Work required –
Without the pictures, give the listing below again exactly.

Supplied entries –
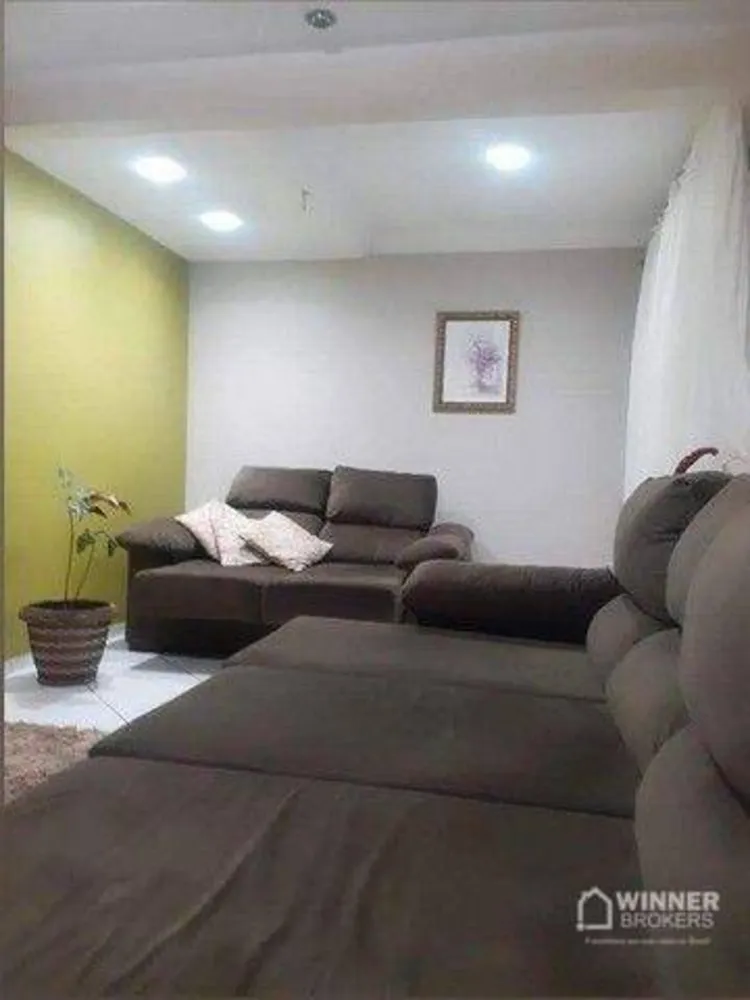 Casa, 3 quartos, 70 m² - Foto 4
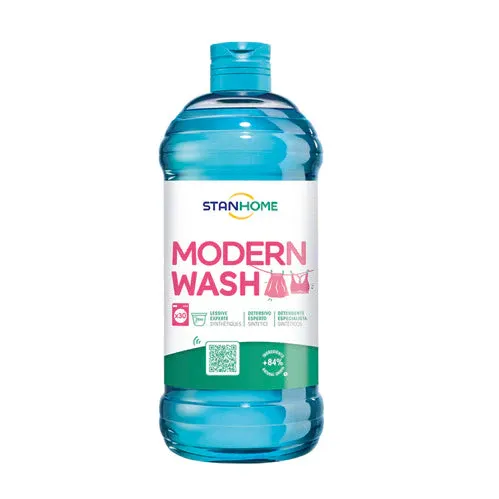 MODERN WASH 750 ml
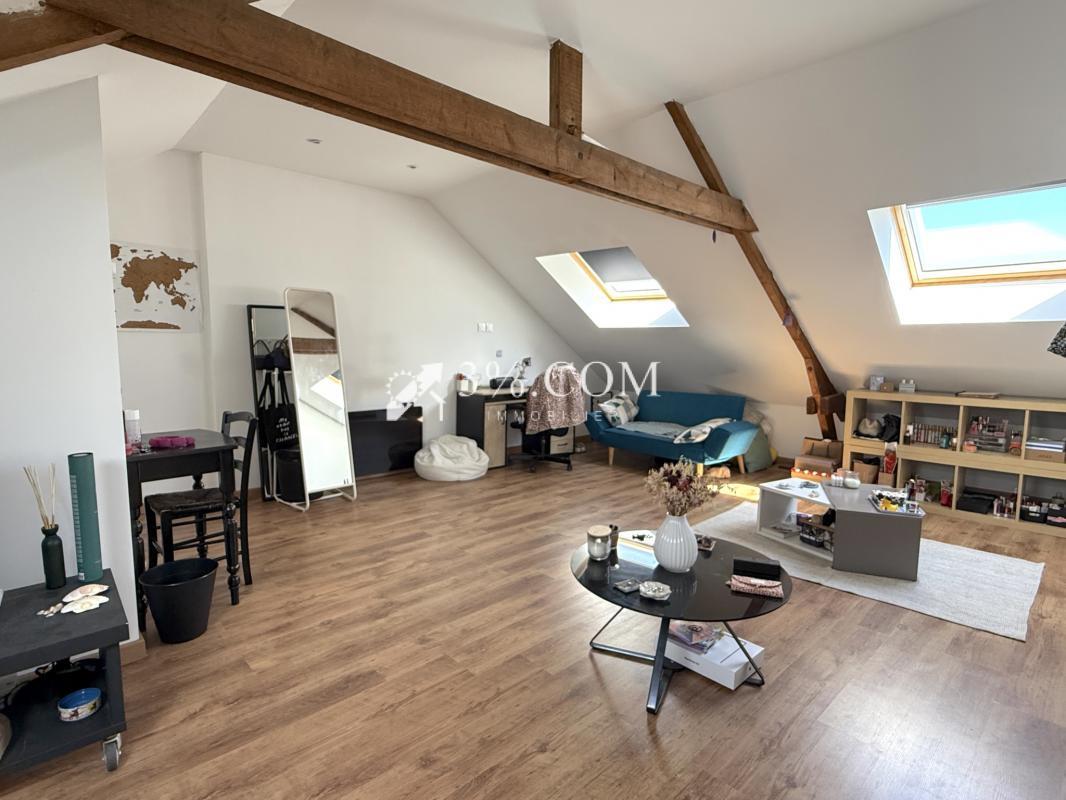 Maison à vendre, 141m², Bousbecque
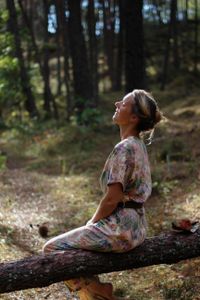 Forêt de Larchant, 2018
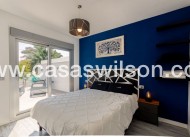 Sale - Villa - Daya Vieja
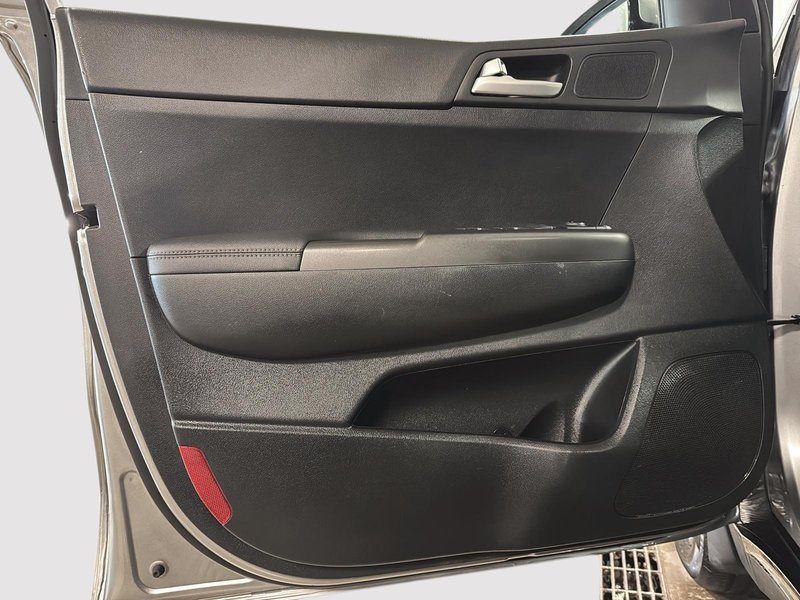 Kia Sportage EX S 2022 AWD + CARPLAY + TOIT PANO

Problem solution –
 Casa, 3 quartos, 70 m² - Foto 4
 MODERN WASH 750 ml
 Maison à vendre, 141m², Bousbecque
 Forêt de Larchant, 2018
 Sale - Villa - Daya Vieja
 Kia Sportage EX S 2022 AWD + CARPLAY + TOIT PANO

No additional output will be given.